With President Trump, it all comes back to November 2016. So we are not surprised when, during a visit to Poland, he uses his electoral vote tallies as a means of establishing his bona fides.

“As you know,” he said during a news conference Thursday morning in Warsaw, “Polish Americans came out in droves, they voted in the last election, and I was very happy with that result.”

“The Poles have not only greatly enriched this region,” he said a bit later at a public event, “but Polish Americans have also greatly enriched the United States. And I was truly proud to have their support in the 2016 election.”

If this weren’t Trump, we’d probably find this assertion a little weird as a means of making his case to the people of a country he was visiting. But since it is Trump, a different question arises: Is what he said true?

Before we answer that question, we’ll note that, in an election in Poland, Trump might not fare that well. The Pew Research Center released data last month showing that, as with a number of other European countries, views about the U.S. president sank in 2017 with the election of Trump though views about Americans remained constant.

George W. Bush was fairly unpopular internationally and Barack Obama popular. Trump’s numbers in Poland are worse than Bush’s low. (This is probably why the Polish government ginned up supportive turnout for Trump’s visit.)

But, again, that’s not the question. The question is how Americans of Polish heritage felt about Trump’s candidacy.

The political data firm L2 assesses the likely heritage of voters using a number of indicators. Per its data, the distribution of Polish voters in the United States looks something like this — colored by party identification.

What stands out is the density of the population in the upper Midwest — particularly in Wisconsin, Pennsylvania and Michigan, where Trump prevailed by the combined 78,000 votes that handed him the electoral college majority.

The partisan distribution of those Polish American voters varies widely by state. In Pennsylvania, nearly half are Democrats; in Wisconsin, a plurality are Republican. In New Jersey, the biggest group is none-of-the-above. Nationally, the split is about even.

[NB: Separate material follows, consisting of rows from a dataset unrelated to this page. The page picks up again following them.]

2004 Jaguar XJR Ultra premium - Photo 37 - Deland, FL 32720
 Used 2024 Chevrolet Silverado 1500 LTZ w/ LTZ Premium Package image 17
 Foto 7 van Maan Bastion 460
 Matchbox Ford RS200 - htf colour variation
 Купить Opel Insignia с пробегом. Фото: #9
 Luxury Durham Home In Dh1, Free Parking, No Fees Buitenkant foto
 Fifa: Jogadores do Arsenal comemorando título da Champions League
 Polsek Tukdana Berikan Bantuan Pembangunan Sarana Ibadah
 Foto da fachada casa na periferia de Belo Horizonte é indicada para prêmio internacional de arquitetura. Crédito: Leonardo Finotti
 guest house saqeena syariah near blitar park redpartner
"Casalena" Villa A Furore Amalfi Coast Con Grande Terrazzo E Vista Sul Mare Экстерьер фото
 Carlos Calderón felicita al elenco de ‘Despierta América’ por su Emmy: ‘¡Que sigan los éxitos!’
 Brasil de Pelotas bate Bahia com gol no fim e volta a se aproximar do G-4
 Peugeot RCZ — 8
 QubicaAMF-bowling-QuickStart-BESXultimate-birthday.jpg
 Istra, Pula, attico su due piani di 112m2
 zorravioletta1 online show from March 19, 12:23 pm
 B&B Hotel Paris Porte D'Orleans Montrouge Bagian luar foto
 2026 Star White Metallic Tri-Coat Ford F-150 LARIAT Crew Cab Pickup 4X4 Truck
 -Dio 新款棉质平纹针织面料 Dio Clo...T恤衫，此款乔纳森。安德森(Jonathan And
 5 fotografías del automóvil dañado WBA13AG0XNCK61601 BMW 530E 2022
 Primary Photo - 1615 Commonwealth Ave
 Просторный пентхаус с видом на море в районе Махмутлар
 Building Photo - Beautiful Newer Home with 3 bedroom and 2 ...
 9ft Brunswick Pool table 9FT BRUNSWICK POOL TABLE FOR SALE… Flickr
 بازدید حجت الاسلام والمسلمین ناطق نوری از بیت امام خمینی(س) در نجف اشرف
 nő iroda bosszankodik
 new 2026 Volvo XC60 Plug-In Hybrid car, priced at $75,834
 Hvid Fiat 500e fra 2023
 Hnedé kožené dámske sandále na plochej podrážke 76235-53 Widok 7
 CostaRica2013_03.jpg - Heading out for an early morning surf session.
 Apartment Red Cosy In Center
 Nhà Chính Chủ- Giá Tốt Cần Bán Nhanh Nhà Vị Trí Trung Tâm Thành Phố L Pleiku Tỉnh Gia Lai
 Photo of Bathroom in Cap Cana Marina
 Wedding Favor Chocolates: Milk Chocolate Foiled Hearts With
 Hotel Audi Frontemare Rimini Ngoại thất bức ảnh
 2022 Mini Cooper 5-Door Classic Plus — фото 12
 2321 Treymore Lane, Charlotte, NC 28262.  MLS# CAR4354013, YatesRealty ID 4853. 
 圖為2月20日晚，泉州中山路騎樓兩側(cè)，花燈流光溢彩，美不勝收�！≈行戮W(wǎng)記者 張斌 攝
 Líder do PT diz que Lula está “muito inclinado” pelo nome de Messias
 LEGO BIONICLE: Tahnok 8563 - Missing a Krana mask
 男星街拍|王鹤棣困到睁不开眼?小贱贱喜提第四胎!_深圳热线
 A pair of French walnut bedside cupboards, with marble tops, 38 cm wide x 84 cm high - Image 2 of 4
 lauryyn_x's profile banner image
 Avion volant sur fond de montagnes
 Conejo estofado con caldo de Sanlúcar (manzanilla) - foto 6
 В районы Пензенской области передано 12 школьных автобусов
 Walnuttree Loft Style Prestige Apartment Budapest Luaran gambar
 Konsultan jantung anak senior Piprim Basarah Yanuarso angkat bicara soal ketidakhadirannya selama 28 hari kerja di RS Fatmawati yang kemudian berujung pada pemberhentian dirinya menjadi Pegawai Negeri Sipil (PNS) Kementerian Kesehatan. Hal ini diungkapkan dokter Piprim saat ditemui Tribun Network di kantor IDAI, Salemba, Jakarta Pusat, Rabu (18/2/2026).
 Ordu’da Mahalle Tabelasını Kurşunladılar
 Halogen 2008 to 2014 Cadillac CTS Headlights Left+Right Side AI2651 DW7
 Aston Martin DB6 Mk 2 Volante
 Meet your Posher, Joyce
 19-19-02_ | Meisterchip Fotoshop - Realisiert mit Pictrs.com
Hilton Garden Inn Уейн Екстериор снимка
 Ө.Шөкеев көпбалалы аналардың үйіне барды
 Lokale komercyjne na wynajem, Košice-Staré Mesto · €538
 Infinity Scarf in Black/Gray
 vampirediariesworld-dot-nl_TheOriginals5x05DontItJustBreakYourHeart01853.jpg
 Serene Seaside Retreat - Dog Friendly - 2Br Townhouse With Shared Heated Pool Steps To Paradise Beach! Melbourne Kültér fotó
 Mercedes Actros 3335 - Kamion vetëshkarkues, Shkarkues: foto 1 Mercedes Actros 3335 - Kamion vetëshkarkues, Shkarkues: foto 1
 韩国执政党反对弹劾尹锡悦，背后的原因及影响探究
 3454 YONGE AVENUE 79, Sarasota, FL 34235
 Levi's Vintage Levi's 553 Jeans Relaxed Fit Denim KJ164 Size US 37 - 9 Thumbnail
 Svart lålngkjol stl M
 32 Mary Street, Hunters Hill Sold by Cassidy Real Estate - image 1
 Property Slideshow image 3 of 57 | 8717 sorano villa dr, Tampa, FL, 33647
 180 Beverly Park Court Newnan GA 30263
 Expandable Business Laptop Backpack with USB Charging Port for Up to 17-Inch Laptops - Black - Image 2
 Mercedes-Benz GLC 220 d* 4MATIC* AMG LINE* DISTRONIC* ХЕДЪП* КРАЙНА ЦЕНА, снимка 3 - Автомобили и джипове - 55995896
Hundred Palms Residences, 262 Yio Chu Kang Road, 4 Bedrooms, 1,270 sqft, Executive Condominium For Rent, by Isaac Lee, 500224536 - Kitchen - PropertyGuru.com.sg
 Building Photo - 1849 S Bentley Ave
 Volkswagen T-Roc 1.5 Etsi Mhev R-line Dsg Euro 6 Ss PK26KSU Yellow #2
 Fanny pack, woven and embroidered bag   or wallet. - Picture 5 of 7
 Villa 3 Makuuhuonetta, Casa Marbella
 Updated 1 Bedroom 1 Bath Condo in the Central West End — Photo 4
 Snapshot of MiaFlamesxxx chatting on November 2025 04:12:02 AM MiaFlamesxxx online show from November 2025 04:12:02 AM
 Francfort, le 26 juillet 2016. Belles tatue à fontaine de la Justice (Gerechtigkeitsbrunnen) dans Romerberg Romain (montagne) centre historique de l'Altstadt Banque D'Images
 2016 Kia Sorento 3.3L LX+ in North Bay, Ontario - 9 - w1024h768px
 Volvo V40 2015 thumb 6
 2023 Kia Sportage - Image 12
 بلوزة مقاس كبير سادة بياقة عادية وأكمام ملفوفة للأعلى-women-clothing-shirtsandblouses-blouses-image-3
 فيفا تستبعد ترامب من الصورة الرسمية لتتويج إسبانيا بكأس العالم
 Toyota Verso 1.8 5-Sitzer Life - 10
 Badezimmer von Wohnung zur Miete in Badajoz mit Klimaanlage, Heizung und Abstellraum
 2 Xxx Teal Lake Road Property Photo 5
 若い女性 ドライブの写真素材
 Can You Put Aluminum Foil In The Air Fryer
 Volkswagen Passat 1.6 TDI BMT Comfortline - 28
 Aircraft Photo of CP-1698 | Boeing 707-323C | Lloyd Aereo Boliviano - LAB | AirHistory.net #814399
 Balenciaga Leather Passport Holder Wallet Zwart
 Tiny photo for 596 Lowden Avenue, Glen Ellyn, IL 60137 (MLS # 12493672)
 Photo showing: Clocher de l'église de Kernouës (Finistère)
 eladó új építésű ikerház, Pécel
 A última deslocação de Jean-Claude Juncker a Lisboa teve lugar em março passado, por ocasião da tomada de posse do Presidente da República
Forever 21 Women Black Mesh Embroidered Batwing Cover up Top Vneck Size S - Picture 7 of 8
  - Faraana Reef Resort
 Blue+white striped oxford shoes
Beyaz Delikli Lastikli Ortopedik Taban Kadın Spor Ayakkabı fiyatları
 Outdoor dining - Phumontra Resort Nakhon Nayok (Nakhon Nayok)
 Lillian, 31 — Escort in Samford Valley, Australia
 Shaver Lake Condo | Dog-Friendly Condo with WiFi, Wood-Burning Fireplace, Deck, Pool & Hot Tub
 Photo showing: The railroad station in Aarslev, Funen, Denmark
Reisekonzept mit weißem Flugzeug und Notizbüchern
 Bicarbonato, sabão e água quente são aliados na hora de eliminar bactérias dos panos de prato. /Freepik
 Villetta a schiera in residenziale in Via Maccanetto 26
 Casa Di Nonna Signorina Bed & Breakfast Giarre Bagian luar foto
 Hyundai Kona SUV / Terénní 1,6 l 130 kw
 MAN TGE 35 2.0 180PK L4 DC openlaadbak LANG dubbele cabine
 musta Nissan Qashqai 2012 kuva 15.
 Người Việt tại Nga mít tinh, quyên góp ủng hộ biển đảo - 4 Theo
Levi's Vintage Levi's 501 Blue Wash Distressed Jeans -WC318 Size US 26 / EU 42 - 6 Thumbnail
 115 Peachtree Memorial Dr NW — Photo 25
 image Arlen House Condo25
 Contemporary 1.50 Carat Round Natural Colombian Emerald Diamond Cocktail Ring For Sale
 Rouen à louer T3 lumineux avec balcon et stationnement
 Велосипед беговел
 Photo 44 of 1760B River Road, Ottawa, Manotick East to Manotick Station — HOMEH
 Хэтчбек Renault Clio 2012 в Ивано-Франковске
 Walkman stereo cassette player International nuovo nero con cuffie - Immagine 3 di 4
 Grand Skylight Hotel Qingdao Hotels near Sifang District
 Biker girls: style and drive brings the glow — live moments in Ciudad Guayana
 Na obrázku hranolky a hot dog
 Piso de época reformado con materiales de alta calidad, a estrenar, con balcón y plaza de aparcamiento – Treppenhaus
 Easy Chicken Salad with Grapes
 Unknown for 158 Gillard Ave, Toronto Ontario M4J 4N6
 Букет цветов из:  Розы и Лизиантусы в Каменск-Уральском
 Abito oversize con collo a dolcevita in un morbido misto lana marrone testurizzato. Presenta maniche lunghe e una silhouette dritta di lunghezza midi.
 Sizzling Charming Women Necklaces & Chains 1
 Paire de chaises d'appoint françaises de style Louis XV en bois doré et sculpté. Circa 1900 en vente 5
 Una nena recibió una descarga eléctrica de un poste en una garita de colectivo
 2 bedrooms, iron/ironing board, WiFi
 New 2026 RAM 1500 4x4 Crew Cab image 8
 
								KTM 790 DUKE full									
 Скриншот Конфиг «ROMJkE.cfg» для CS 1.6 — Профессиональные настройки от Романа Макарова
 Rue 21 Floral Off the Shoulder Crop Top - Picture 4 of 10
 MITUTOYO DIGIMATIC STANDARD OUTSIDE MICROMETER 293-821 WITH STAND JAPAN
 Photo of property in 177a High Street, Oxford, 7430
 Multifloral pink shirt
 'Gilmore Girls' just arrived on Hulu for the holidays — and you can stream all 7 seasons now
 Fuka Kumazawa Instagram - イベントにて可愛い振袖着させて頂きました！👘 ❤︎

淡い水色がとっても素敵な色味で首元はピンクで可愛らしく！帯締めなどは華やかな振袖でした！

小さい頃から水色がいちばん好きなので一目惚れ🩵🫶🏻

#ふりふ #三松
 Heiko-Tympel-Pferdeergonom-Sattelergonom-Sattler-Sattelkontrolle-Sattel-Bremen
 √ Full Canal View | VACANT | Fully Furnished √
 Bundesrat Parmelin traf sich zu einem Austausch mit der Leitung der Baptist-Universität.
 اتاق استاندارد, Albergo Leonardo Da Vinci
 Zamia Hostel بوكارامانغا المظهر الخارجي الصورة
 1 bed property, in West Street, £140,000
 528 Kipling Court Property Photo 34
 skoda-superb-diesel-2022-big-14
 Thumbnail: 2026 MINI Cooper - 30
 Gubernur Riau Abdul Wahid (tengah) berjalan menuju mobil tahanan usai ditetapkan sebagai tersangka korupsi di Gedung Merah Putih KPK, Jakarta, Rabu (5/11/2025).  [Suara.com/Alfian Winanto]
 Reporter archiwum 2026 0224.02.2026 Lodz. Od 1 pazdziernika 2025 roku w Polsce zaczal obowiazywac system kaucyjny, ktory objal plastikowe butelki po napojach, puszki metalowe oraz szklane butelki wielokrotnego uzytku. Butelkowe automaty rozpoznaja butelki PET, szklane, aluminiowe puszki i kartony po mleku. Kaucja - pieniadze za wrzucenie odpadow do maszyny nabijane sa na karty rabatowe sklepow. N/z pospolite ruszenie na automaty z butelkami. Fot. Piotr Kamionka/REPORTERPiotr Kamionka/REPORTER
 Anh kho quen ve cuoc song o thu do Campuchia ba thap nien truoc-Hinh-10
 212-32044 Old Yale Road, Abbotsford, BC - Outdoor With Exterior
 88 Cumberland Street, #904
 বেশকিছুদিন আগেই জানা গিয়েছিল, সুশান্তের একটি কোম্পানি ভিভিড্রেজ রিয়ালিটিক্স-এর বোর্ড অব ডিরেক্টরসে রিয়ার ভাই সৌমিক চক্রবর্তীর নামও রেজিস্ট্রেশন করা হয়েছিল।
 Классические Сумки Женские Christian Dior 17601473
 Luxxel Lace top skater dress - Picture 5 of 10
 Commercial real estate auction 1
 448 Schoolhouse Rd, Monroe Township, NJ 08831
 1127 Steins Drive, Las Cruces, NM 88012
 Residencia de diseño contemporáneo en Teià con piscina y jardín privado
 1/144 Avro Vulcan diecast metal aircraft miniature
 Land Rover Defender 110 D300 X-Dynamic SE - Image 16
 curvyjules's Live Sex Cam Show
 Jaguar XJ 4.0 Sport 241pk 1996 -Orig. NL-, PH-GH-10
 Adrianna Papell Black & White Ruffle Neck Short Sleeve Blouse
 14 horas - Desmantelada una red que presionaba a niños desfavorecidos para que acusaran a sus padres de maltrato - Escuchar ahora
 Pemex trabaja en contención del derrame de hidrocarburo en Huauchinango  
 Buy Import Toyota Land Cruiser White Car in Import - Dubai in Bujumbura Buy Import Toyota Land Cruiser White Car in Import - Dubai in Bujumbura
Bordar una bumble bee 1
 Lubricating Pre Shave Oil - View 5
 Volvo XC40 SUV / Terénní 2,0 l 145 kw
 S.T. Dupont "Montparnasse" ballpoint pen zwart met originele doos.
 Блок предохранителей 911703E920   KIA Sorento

But remember: Even in Michigan, those 214,000 voters or so are only 3.3 percent of the total registered voter population in the state. The margin in the state was narrow enough that a swing in the Polish American vote could have made the difference, but, as we’ve noted before, a small swing in any number of places could have, as well.

It’s true that the most heavily Polish counties in the United States tended to vote for Trump, as was noted shortly after Election Day.

But, overall, there’s no correlation between the density of the Polish American population and the 2016 vote. Even in those counties where the population is at least 5 percent Polish American, there’s no correlation.

What’s more, the graph above masks that the total populations of these counties — and the total number of voters therein — varies widely. Thirty percent of a county of 1,000 people means a lot less than 29 percent of a county of 10,000 people. Sherman County, Neb., has a population of about 1,500. Portage County, Mich., has a population of 34,000.

If we scale the dots on the graph above to the population of Polish Americans, the result looks like this.

That giant blue bubble at lower left? Cook County, Ill. Chicago. The big one near the center of the chart is Erie County, Pa.

A poll conducted in 2008 suggests that Polish Americans backed Obama over Sen. John McCain (R-Ariz.) by nearly 10 points that year. There are certainly people willing to argue that they helped turn out the Polish American community on Trump’s behalf (see here and here) and anecdotal evidence that Trump enjoyed more support from Polish Americans. It’s hard to say definitively, though, that Polish Americans heavily preferred Trump, much less that they turned out more heavily than in the past.

Again, though, we know Trump well enough by now to know that a lack of evidence wouldn’t prevent him from making the claim.